Government figures reveal that that expansion at Heathrow could only take place if no other airports in the UK expand, the Campaign for Better Transport has claimed.

Strict new targets, agreed as part of the package of environmental safeguards for the third runway, limit emissions from aviation to their 2005 levels by 2050.

But the latest CO2 forecasts from the Department for Transport, released this month, show that the only way to reduce emissions would be to stop expansion at all other airports – including the planned second runway at Stansted.
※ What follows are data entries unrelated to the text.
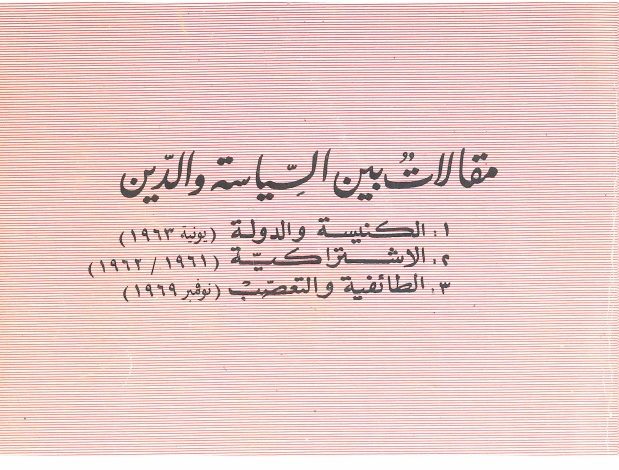 كتاب مقالات بين السياسة والدين PDF - القمص متى المسكين (ط3 1978)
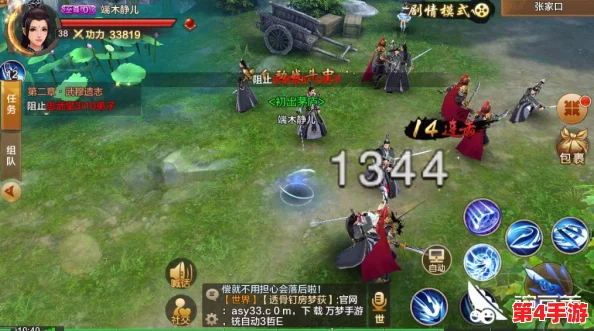 《射雕英雄传手游》新手开荒必备:高效阵容搭配策略与实战技巧指南 《射雕英雄传手游》新手开荒必备:高效阵容搭配策略与实战技巧指南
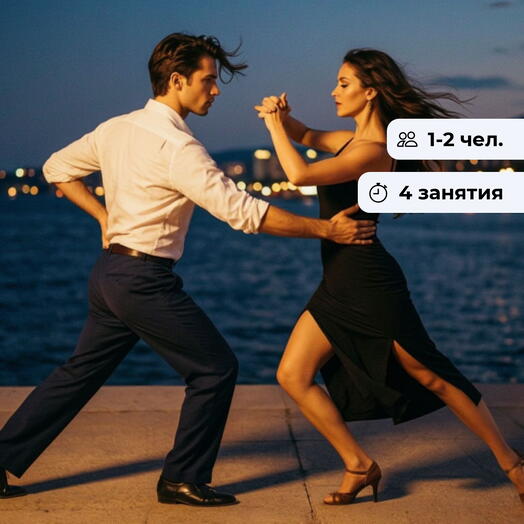Манящая особа. Курс индивидуальных занятий танцами
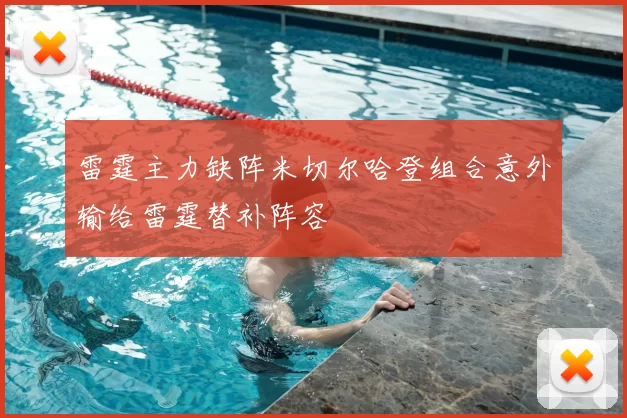 雷霆主力缺阵米切尔哈登组合意外输给雷霆替补阵容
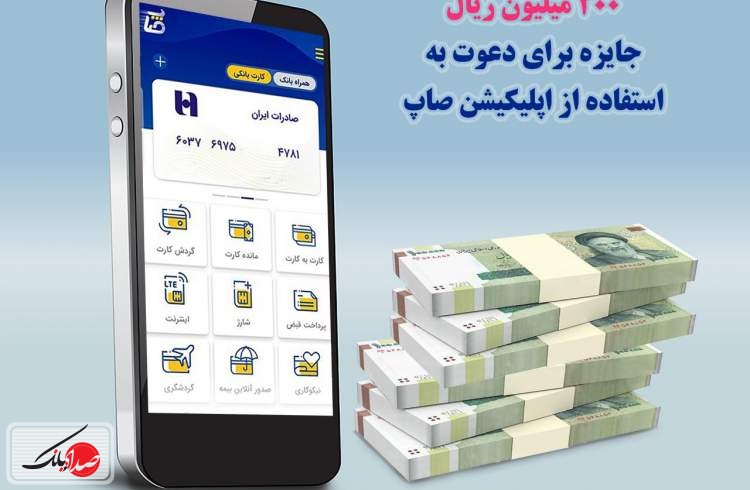 ٢٠٠ میلیون ریال جایزه برای استفاده از اپلیکیشن «صاپ»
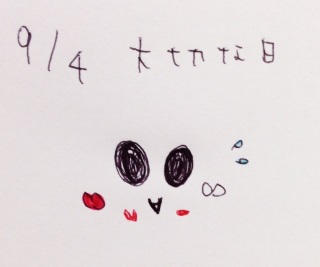 (*�G�M�́L*)�m�J~~��J�K�+.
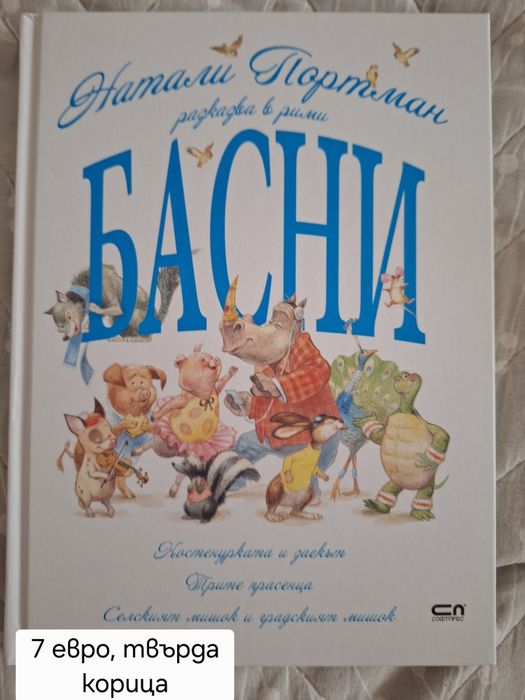 Небивалици, Мечо Пух, Патиланци,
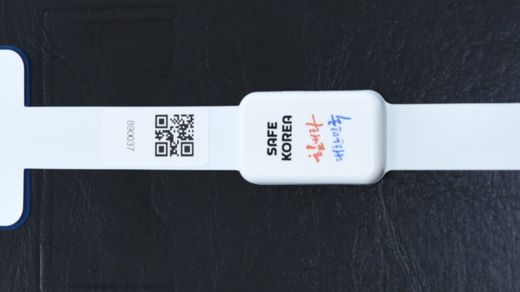 Korean COVID19 arm band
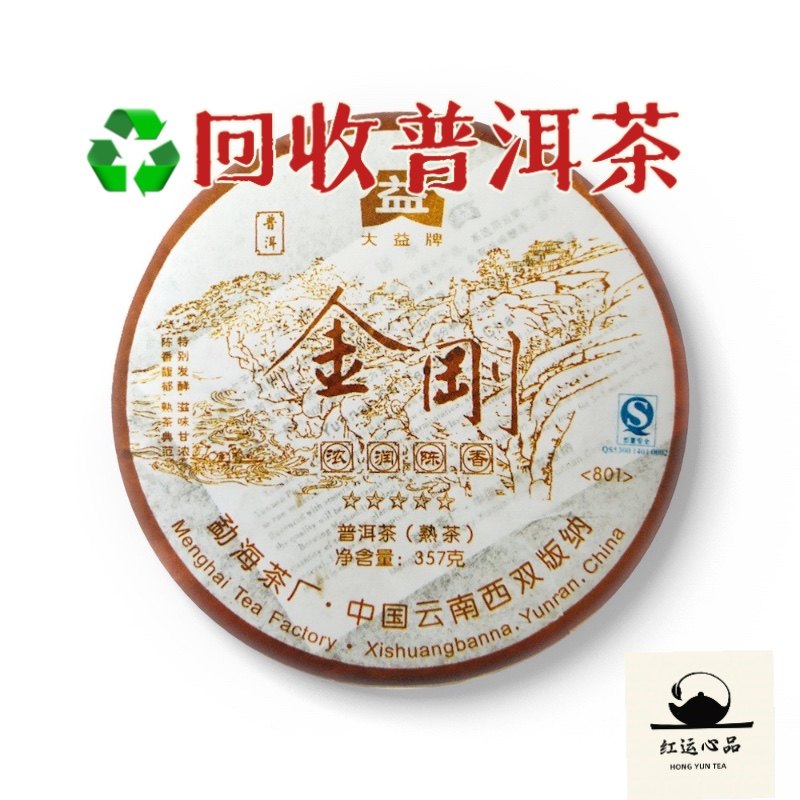 回收2008年801批金刚熟大益普洱茶（收购各大品牌中老期普洱茶）
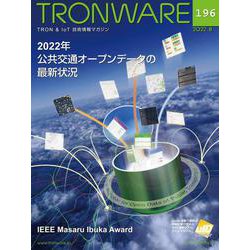 TRONWARE VOL.196-TRON ＆ IoT技術情報マガジン [単行本]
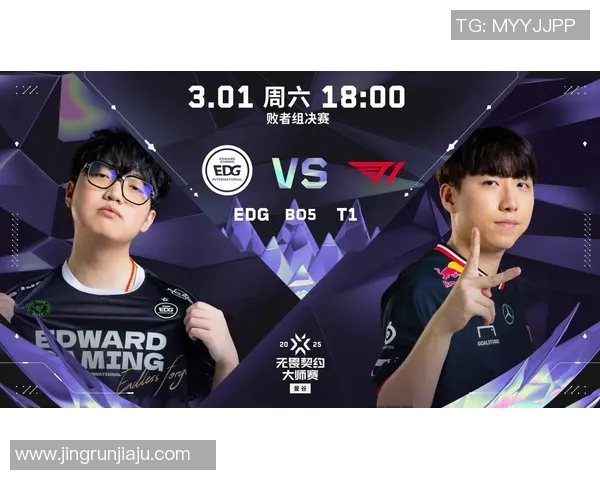 EDG在世界大师赛中以62分领先积分榜争夺冠军形势愈发明朗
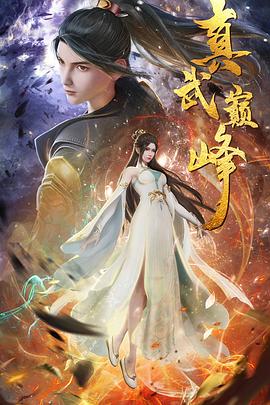 网站怎么优化搜索数据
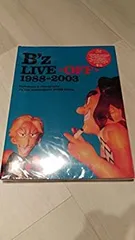 【中古】パンフレット　B'z LIVE - ＯＦＦ - 1988~2003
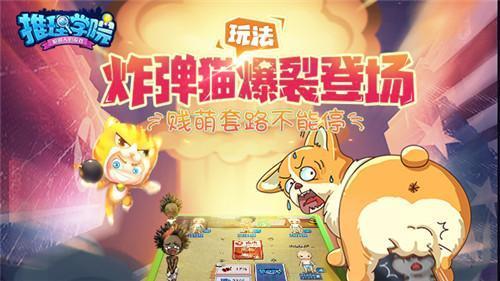 《推理学院》评测：魔性玩法炸弹猫 全新扩展会包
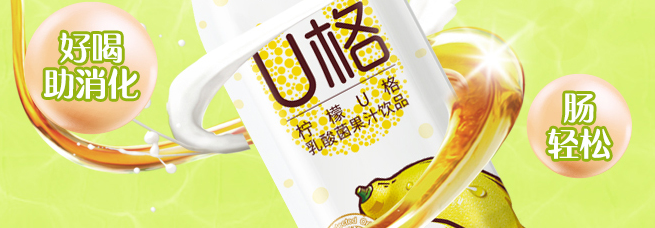 COFCO中糧食品包裝設(shè)計(jì)欣賞(圖4)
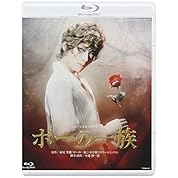 花組 15 Ernest In Love ニコニコ動画 花組 15 Ernest In Love ニコニコ動画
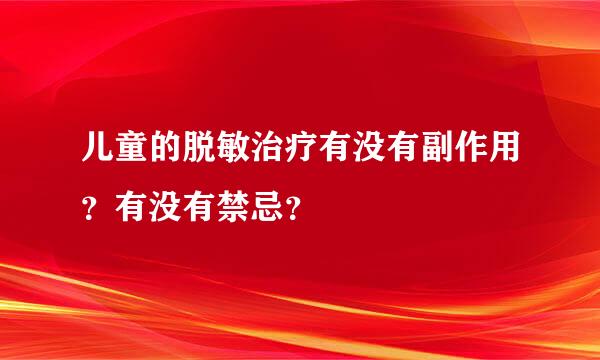 儿童的脱敏治疗有没有副作用？有没有禁忌？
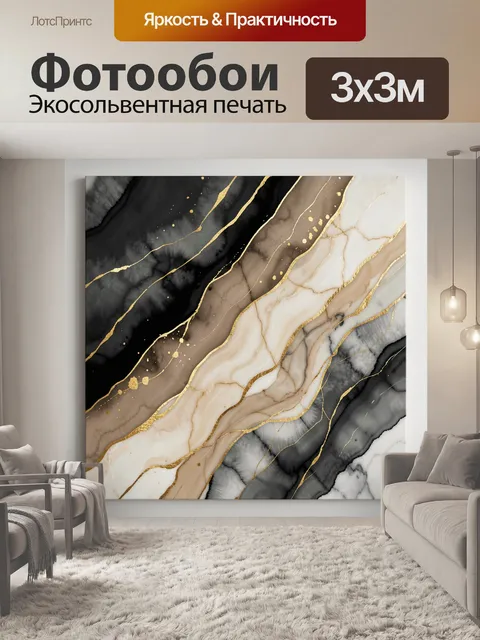 Фотообои Абстрактные мраморные волны с золотом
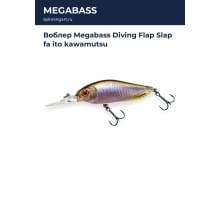 Воблер Megabass Diving Flap Slap fa ito kawamutsu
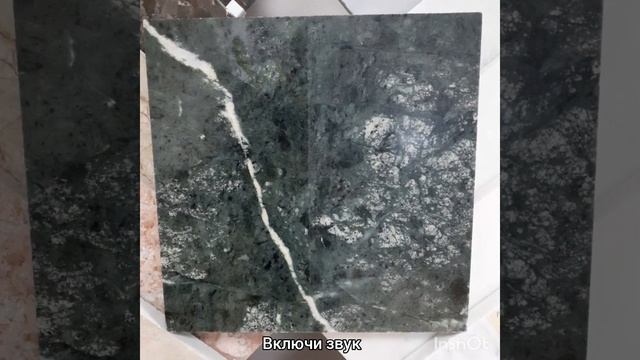 Уральский змеевик 600*300*20 полировка смотреть онлайн
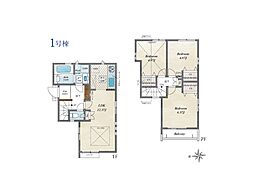 西東京市保谷町 新築戸建　1号棟　全2棟　1号棟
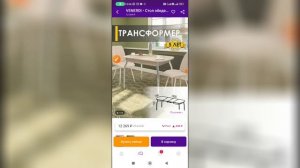 Как сделать заказ без оплаты на Вайлдберриз?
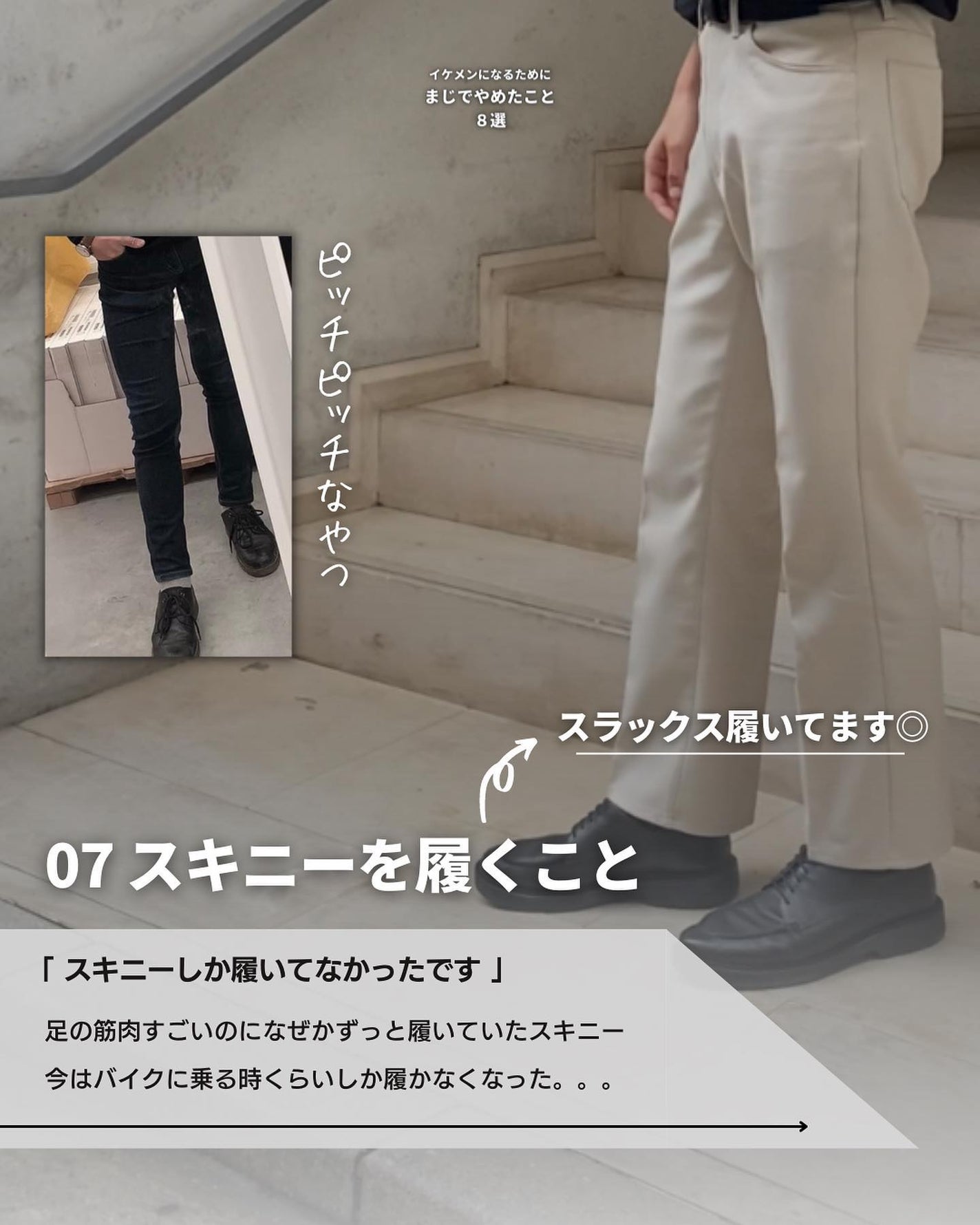 こーき@20代の垢抜け美容 on LIPS 「@kooki_mensskincare◀︎垢抜けたいメンズはこ..」(8枚目)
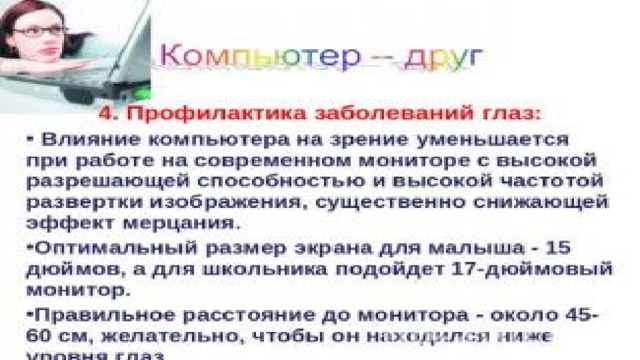 Консультация компьютер друг или враг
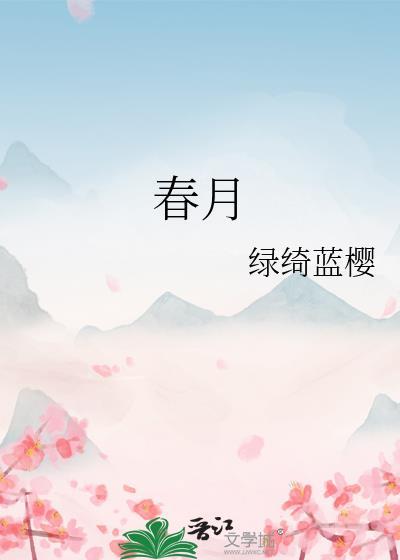 春月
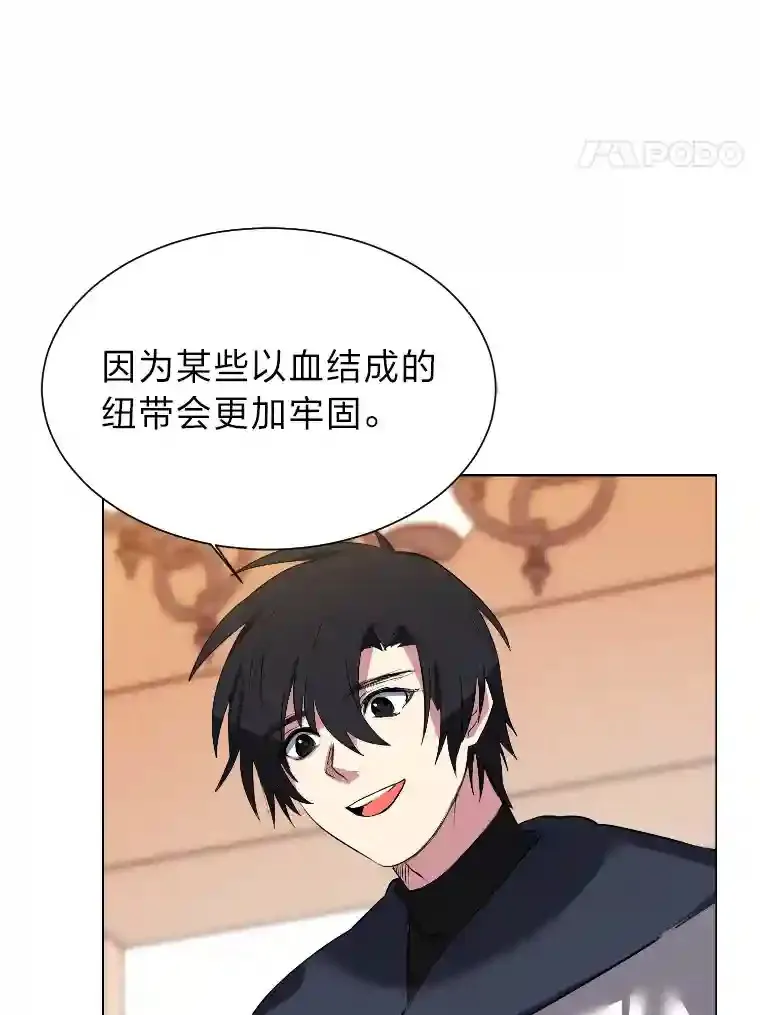40.黑龙血统62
Stephen Joseph, executive director of Campaign for Better Transport, said: "Just two weeks after transport secretary Geoff Hoon’s announcement of these safeguards and already they are starting to fall apart.

"At the same time as he gave a confident assurance to Parliament that the industry would clean up its emissions, his own department was issuing a dire forecast of ever-rising CO2 emissions. Either the minister has not done his sums properly or he is so determined to expand Heathrow that he is willing to cap capacity at every other airport to do it."

The Department for Transport rejected CBT's claims.

"The aircraft industry, through its Sustainable Aviation initiative, has already produced a roadmap setting out how this target could be met. The Government has asked the Climate Change Committee to advise on the best basis to take this roadmap forward," said a spokesman.

"This roadmap sets out how it is possible to bring aviation CO2 emissions below 2005 levels by 2050 while still providing for the growth forecast by the Government."

The lobby group has timed the release of its findings to influence today's Conservative motion condemning Heathrow. More than 20 Labour MPs are expected to rebel against the Government today.

The Campaign for Better Transport has contrasted Hoon's speech to parliament with documents released by his own department.

Announcing the government’s decision to support a third runway at Heathrow, Hoon said: "I can announce that we will establish a new target to get aviation emissions in 2050 below 2005 levels and I have asked the Committee on Climate Change to advise on the best basis for this development...

"Any future capacity increases at Heathrow, beyond the decision I have announced today, will only be approved by the Government after a review by the Committee on Climate Change in 2020 of whether we are on track to achieve the 2050 target that I have announced."

This target was not included in the report which accompanied this announcement.

The government's UK Air Passenger Demand and CO2 forecasts, published on 15 January, showed that emissions in 2005 were 37.7 million tonnes of CO2 and are expected to grow to 53-65 million tonnes by 2050.

By 2030, Heathrow alone is expected to emit 23.6 million tonnes of CO2. Total emissions from the five London airports, assuming expansion at Stansted and City but not at Luton or Gatwick, are 31.6 million tonnes.

Allowing expansion at Heathrow but not allowing expansion at Stansted brings the total emissions for London's airports to 30.3 million tonnes. That leaves just 7.2 million tonnes of CO2 for all the other airports: below the 2005 figure of 7.8 million tonnes.